Auto engineer Donald Healey, who designed and raced some of the world's fastest sports cars, including the Austin-Healey, has died, his family reported this week.
Healey was 89 and lived at Perranporth in Cornwall, in southwest England, where he died last Wednesday.
Healey built some of the most popular high-performance cars in Britain after World War II and then entered into a joint production deal with the Austin Motor Co. to produce the Austin-Healey sports cars that became best-sellers at home and abroad in the 1950s.
Healey was also a keen racing enthusiast and in 1931 became the first Briton to win the Monte Carlo Rally. In 1956, at the age of 58, he drove his 3-liter Healey at 203 m.p.h. on the Bonneville Salt Flats in Utah, the 11th person to achieve that speed in a car.
In 1973, Healey became chairman of Jensen Motors Ltd. The company was purchased by a West Coast importer of British cars that then introduced the Jensen Healey sports car.
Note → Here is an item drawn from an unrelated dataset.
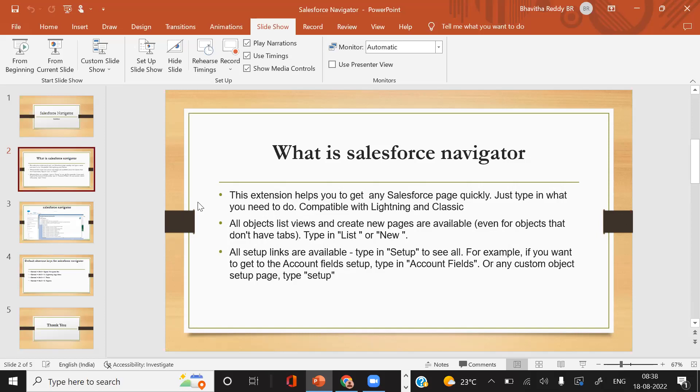All objects, list views, and create new pages are available, even for objects that don't have tabs. All setup links are available - type in 'setup' to see all. For example, if you want to get to the account field setup, type in 'account fields' or any custom object setup page and type 'setup'.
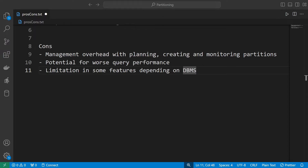The next con is a limitation in some features depending on the DBMS you are using. As an example, in Postgres, foreign keys are not directly supported across partitions. This means you will not be able to use all features when it comes to constraints or data integrity, but this is dependent on the implementation — you need to refer to the DBMS you are using.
Healey began his career by leaving school in 1914 at the start of World War I and joined the Sopwith Aviation Co., which made planes.
In 1915, he entered the Royal Flying Corps, precursor of the Royal Air Force, flying patrols against German Zeppelin airships. In 1916, he took part in one of the first night bombing raids. British anti-aircraft fire accidentally hit his plane and he crashed.
Healey went on to study engineering, tested cars and then took up auto racing and rallying.